*** PROVIDED MATERIAL Section Begins ***

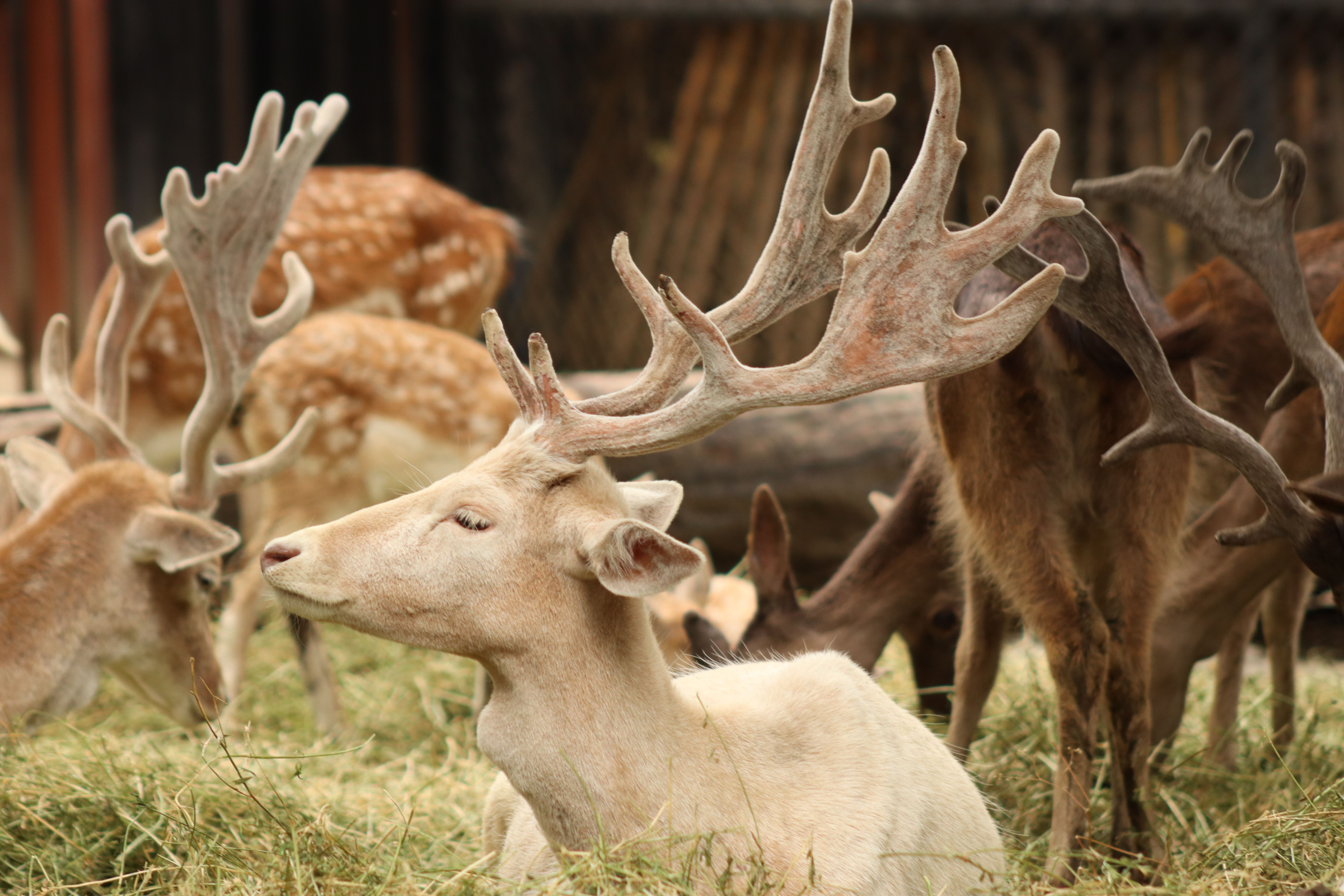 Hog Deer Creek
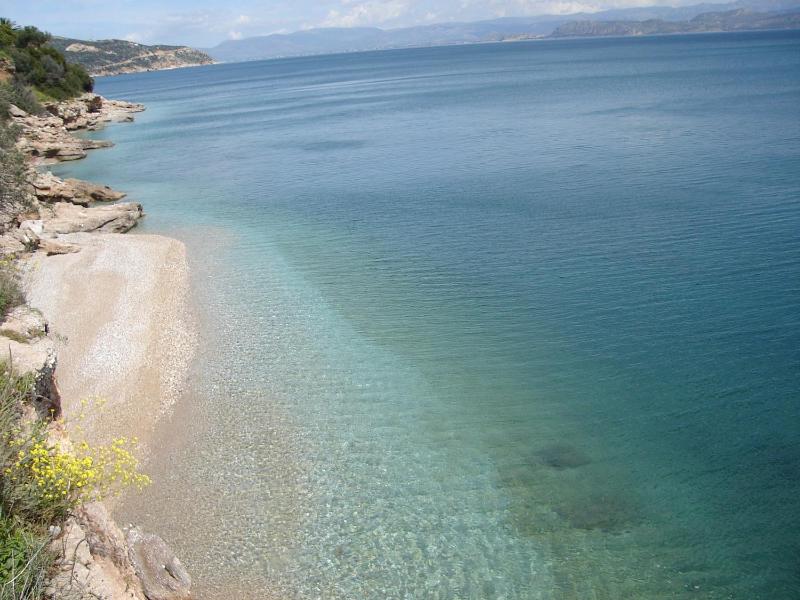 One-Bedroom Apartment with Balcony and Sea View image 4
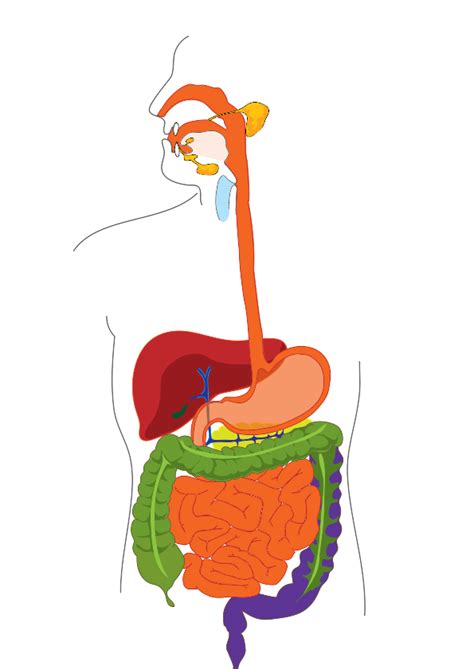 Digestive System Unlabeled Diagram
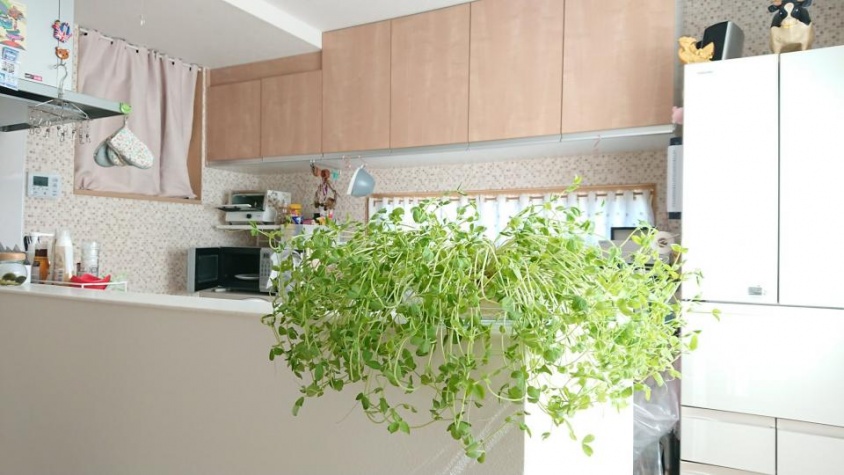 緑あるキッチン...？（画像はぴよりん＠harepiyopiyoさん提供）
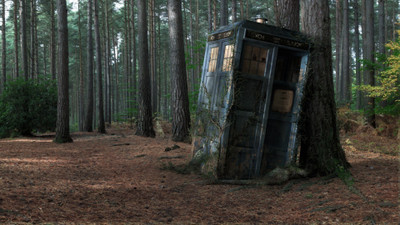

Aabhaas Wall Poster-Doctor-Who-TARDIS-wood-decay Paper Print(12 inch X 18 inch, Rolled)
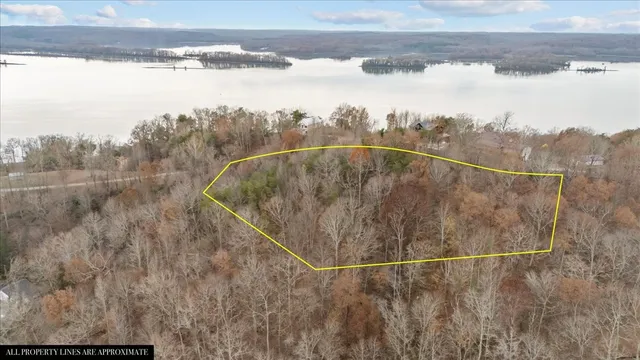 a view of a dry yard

*** PROVIDED MATERIAL Section Ends ***
*** PROVIDED MATERIAL Section Begins ***

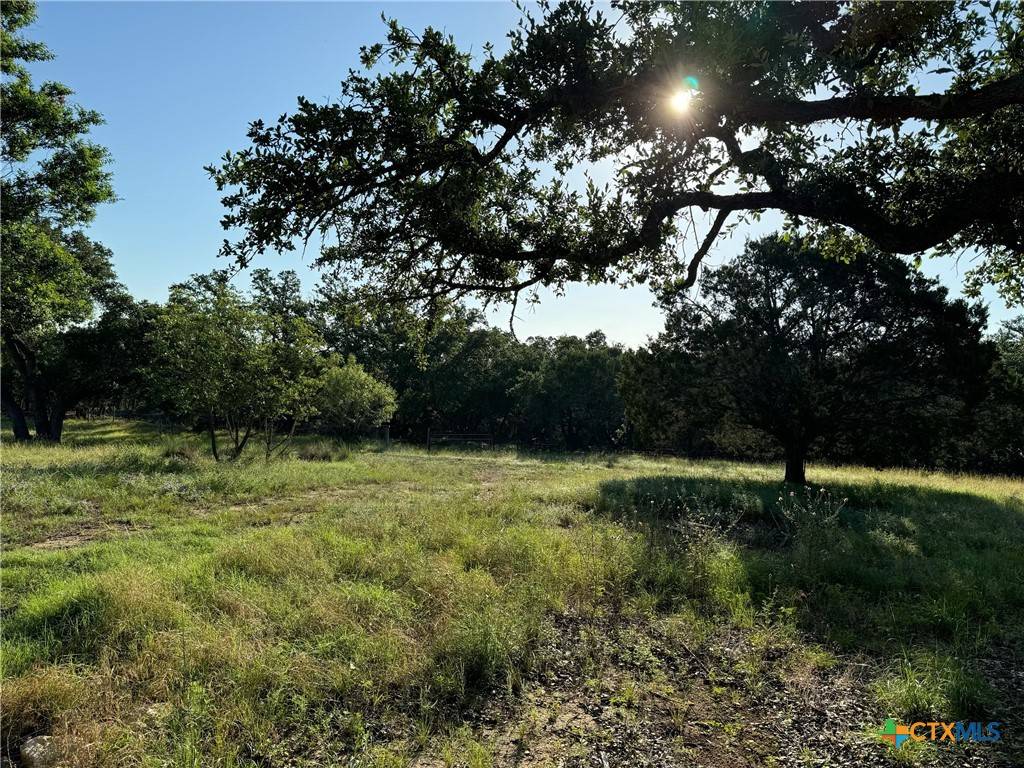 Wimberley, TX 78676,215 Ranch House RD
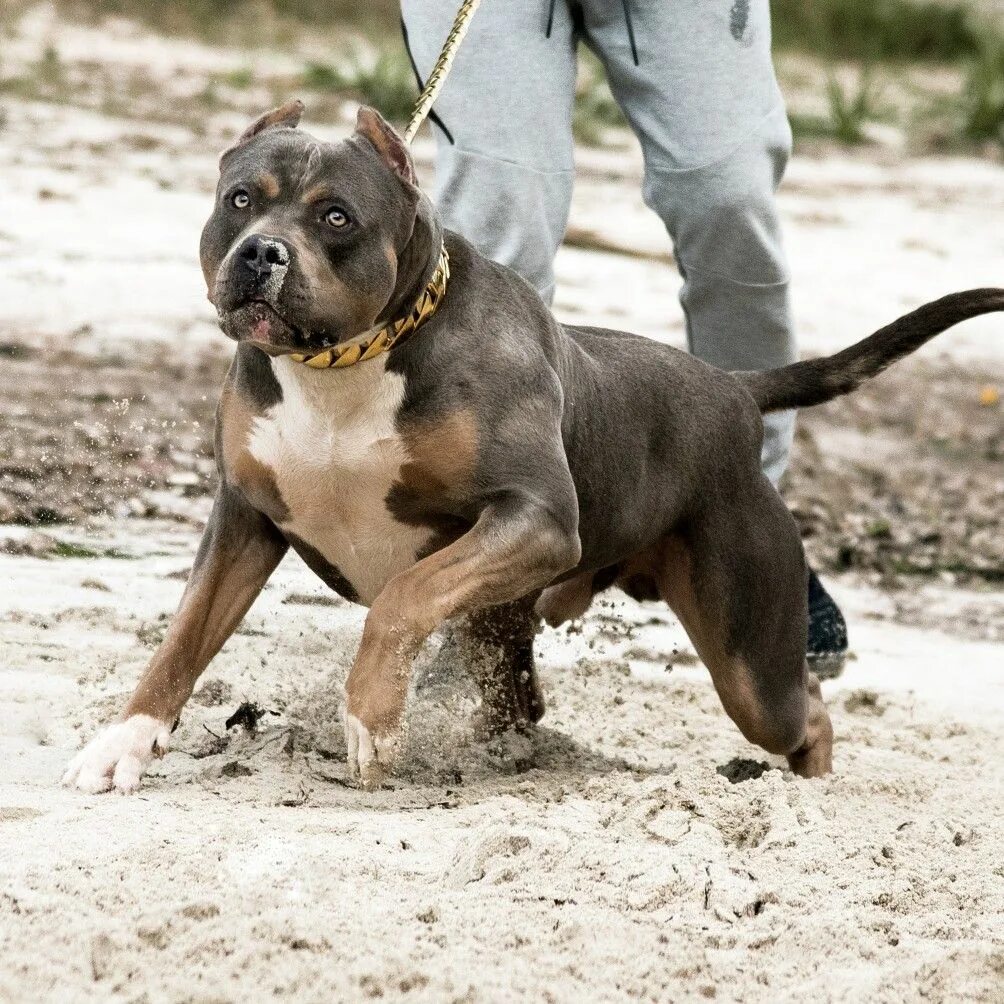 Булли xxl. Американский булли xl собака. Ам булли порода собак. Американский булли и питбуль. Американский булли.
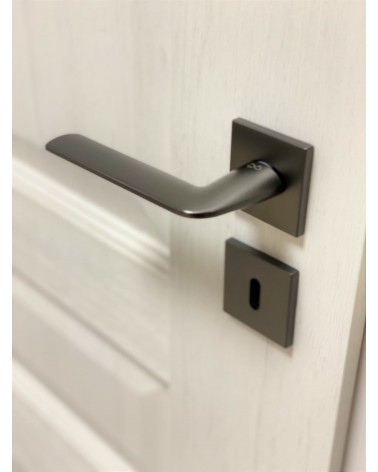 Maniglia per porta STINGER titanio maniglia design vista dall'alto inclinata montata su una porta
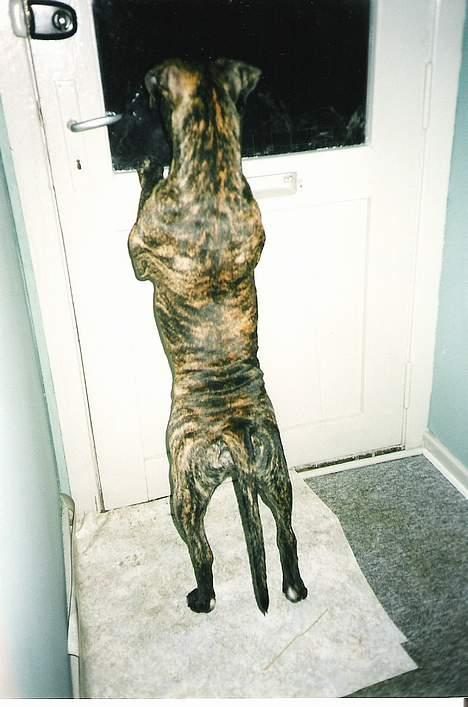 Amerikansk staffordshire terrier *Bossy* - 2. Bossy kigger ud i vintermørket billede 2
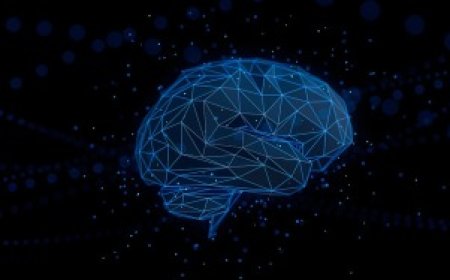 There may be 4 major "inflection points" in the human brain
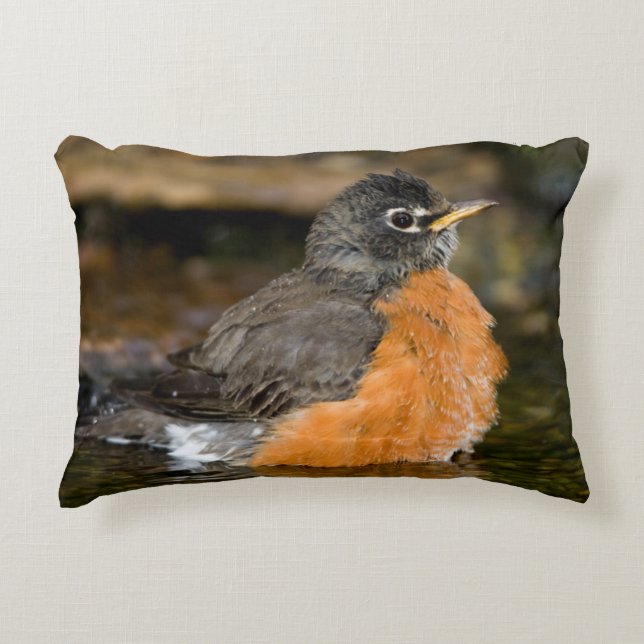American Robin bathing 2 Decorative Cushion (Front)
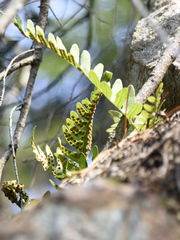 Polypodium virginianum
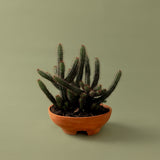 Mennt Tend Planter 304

*** PROVIDED MATERIAL Section Ends ***

** DESCRIPTION OF THE TASK **
Print an exact copy of the lines above, from the one containing "Hog Deer Creek" through the one containing "Aabhaas Wall Poster-Doctor-Who-TARDIS-wood-decay", and leave out the pictures.

** WRITTEN ANSWER **
 Hog Deer Creek
 One-Bedroom Apartment with Balcony and Sea View image 4
 Digestive System Unlabeled Diagram
 緑あるキッチン...？（画像はぴよりん＠harepiyopiyoさん提供）

Aabhaas Wall Poster-Doctor-Who-TARDIS-wood-decay Paper Print(12 inch X 18 inch, Rolled)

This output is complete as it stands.